Where's the boat man?


----------



## LDUBS (May 30, 2018)

If they get it rigged when they said they would it should be sitting at my house by Saturday night. 

Then, I will be "back in the saddle again"!


----------



## PGRChaplain (Jun 1, 2018)

Congrats on the New Boat!!!!


----------



## DaleH (Jun 1, 2018)

LDUBS said:


> Bearclaw said:
> 
> 
> > Do you know the name or make of the rod holders that are down each side of the boat? I've looked but can't seem to find any like them.
> ...


FYI, Dubro also makes rod holders on tracks like that. They are rock solid, I had some that would even hold my tuna rods to 80 class!


----------



## LDUBS (Jun 3, 2018)

I got it yesterday as planned. It is parked alongside the house right where it belongs. Well, almost where it belongs. I got a little off my normal track. I guess I'm just not used to backing it up yet, but all is good. I've been running around like a chicken with its head cut off and literally haven't even snapped any pics. I'll try to do that asap. I'm installing the down riggers (elect this time), fish finder, trailer guide ons, and the transom saver. Then I need to get on the water for the out board break in. 

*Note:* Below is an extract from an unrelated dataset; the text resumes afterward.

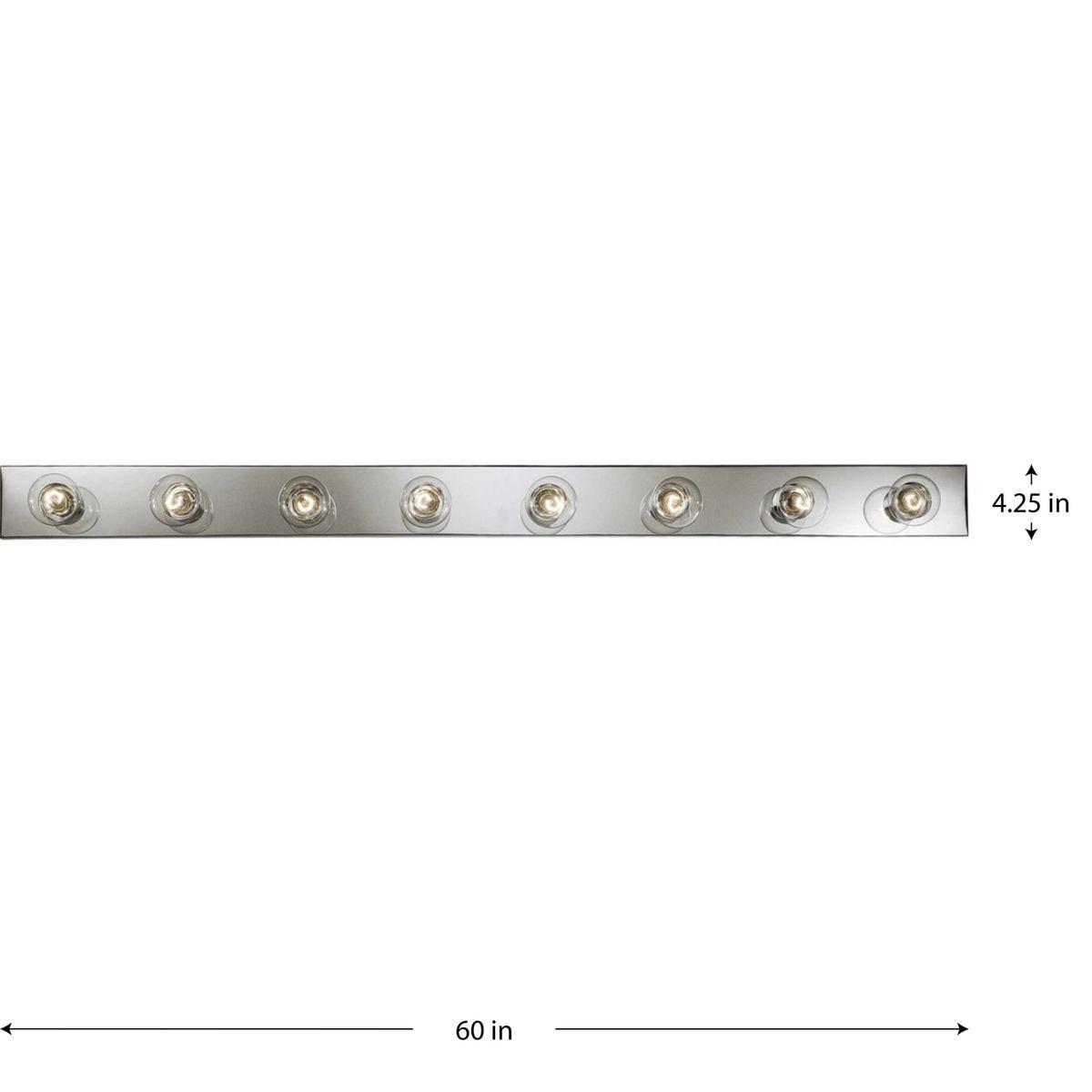 Progress Lighting Broadway 8-Light Wall Light in Polished Chrome with Shade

IIII'm Back In The Saddle Again..... :LOL2:

Edit: Typo (sheesh)


----------



## richg99 (Jun 4, 2018)

Glad to hear it. I've never been without at least one boat for that long.


----------



## ncfishin (Jun 4, 2018)

Heck yeah! Congrats, now enjoy that thing. Can't wait to see a pic of some fish in it!


----------



## surfman (Jun 6, 2018)

Looks good and the wife's seal of approval is important.


----------



## Bridge4 (Jun 6, 2018)

We need some pictures of this new boat!!


----------



## ncfishin (Jun 6, 2018)

Probably just too busy with the wait and all.
Could just be a tease. =D>


----------



## LDUBS (Jun 9, 2018)

This is one of those times when everything seems to have hit at once. It really did happen and here are some pic's to prove it. Haha. 

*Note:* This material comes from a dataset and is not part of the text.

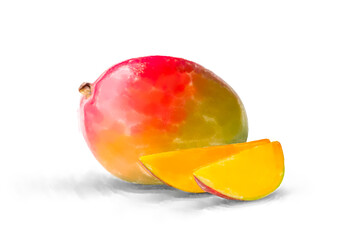 Watercolor mango fruit whole and slice closeup on white background. Hand painting on paper - 487073024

Sorry for the poor quality pic's. 

Here is it backed into its new home along side the house. I picked up a Carver brand flex fit cover for it. 




In these shots the driver's seat is out. I had a slide installed which raised the seat height. I didn't like it so took it out to cut it down some. I have it back in the boat now. Down riggers are wired and installed as is my fish finder. Put some side guide bunks on and did some miscellaneous stuff. Basically I'm ready to go. But I won't get out until Monday due to family responsibilities.


----------



## ncfishin (Jun 11, 2018)

I figured you wasn't jive talkin. Just love the boat porn like everyone else on here. HaHa. Did you get it out yet?


----------



## LDUBS (Jun 12, 2018)

Got out yesterday - finally!

Took the boat through the first two hours of the break-in process. First 15 minutes at trolling speed, then the next 45 minutes at various RPM up to about 1/4 throttle. The next hour at various speed up to 3/4 throttle. For the next 8 hours I have to limit full throttle to 5 minutes. Boat gets up on plane quickly. I opened her up and hit 32 mph on the GPS before backing down. OB winds up pretty tight at WOT and makes me want to add a tach. Looks like I can cruise comfortably at around 25 mph at 3/4 throttle. 

Anyway, our family holds an annual prayer that happens this time of year so I couldn't spend the hole day on the lake. I did have about an hour to throw some lines in. I managed 3 trout trolling 30' & 35' deep at about 2.3 mph. Used a red/gold Needle fish and a purple spotted Speedy Shiner. I gotta add the electric down riggers are fantastic. Looks like the new boat will be a fisher!


----------



## richg99 (Jun 12, 2018)

Sounds great. Glad you got her out.


----------



## hounddog (Jun 12, 2018)

WOW! that's nice LDUBS! Congrats on the new toy!


----------



## ncfishin (Jun 12, 2018)

That's great! Looks like you'll be having a lot of fun.


----------



## Bridge4 (Jun 16, 2018)

Sounds like a great day Ldubs! Can you post a picture or two of the interior? Looks great from the outside and has me curious!


----------



## LDUBS (Jun 19, 2018)

Bridge4 said:


> Sounds like a great day Ldubs! Can you post a picture or two of the interior? Looks great from the outside and has me curious!



Here are some interior pic's, and thanks!

The 4th pedestal chair is not in the boat right now. It can either mount behind the passenger seat or in the bow. When I am by myself I will probably take the 3rd chair out too and just keep the two arm chairs in for more room. 










Not a great shot of the bow area. I should of folded the top up and out of the way for a better pic. I'm 6'-4" and just able to stand under the top when it is up. There is a hatch, seat pad, and an anchor right up in the bow (hidden by my boat cover in the pic). Of course, the center part of the windshield opens to access the bow. 




Battery and 12 gallon portable tank are behind the vinyl flap (behind where I have the net stored).


----------



## richg99 (Jun 19, 2018)

Lookin' good. Go fishin'.


----------



## LDUBS (Jun 19, 2018)

richg99 said:


> Lookin' good. Go fishin'.




Thanks Rich. Two of my sons are going to join me on Friday at Lake Berryessa. BTW, I will be showing them how to do a proper cleat hitch, thanks to you. Haha.


----------



## Stumpalump (Jun 19, 2018)

I love that boat! My 18' Bayrunner ran 32 yesterday with the 48 Evinrude so I'm glad they are par for speed. I took the same pic at 4500 rpm just yesterday. Probably 26 mph.


----------